I guess you could say I felt some pleasure while performing my hatha-yoga asanas, as the stiffness left my body and blood circulation returned, and then from my reading I could understand that this was understandable and acceptable.
…There is an acceptance of transcendental pleasure in the Patañjali system, but the monists do not accept this transcendental pleasure out of fear of jeopardizing the theory of oneness. The duality of knowledge and knower is not accepted by the nondualist, but in this verse transcendental pleasure—realized through transcendental senses—is accepted. And this is corroborated by the Patañjali Muni, the famous exponent of the yoga system. The great sage declares in his Yoga-sūtras: puruṣārtha-śūnyānāṁ guṇānāṁ pratiprasavaḥ kaivalyaṁ svarūpa-pratiṣṭhā vā citi-śaktir iti.
This citi-śakti, or internal potency, is transcendental. Puruṣārtha means material religiosity, economic development, sense gratification and, at the end, the attempt to become one with the Supreme. This “oneness with the Supreme” is called kaivalyam by the monist. But according to Patañjali, this kaivalyam is an internal, or transcendental, potency by which the living entity becomes aware of his constitutional position. In the words of Lord Caitanya, this state of affairs is called ceto-darpaṇa-mārjanam, or clearance of the impure mirror of the mind. This “clearance” is actually liberation, or bhava-mahādāvāgni-nirvāpaṇam. The theory of nirvāṇa—also preliminary—corresponds with this principle. In the Bhāgavatam this is called svarūpeṇa vyavasthitiḥ. The Bhagavad-gītā also confirms this situation in this verse. (from purport to Bg. 6.20-23)
Maybe I just use the philosophy to justify my enjoyment of yoga-asanas, or perhaps controlling the mind, body and senses, is the preliminary path leading to liberation, freedom from all miseries.
As a lamp in a windless place does not waver, so the transcendentalist, whose mind is controlled, remains always steady in his meditation on the transcendent Self. (Bg. 6.19)

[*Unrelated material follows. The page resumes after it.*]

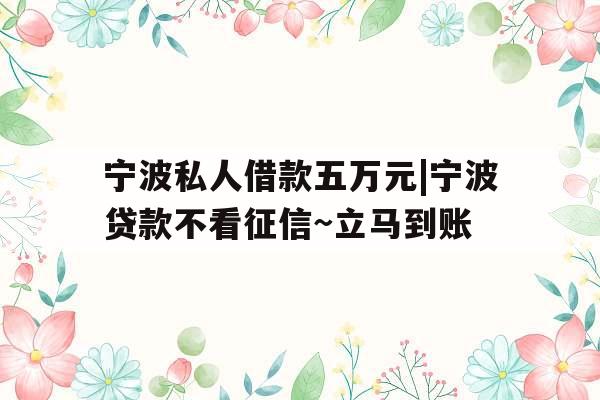 宁波私人借款五万元|宁波贷款不看征信~立马到账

The stage of perfection is called trance, or samādhi, when one’s mind is completely restrained from material mental activities by practice of yoga. This is characterized by one’s ability to see the self by the pure mind and to relish and rejoice in the self. In that joyous state, one is situated in boundless transcendental happiness and enjoys himself through transcendental senses. Established thus, one never departs from the truth, and upon gaining this he thinks there is no greater gain. Being situated in such a position, one is never shaken, even in the midst of greatest difficulty. This indeed is actual freedom from all miseries arising from material contact.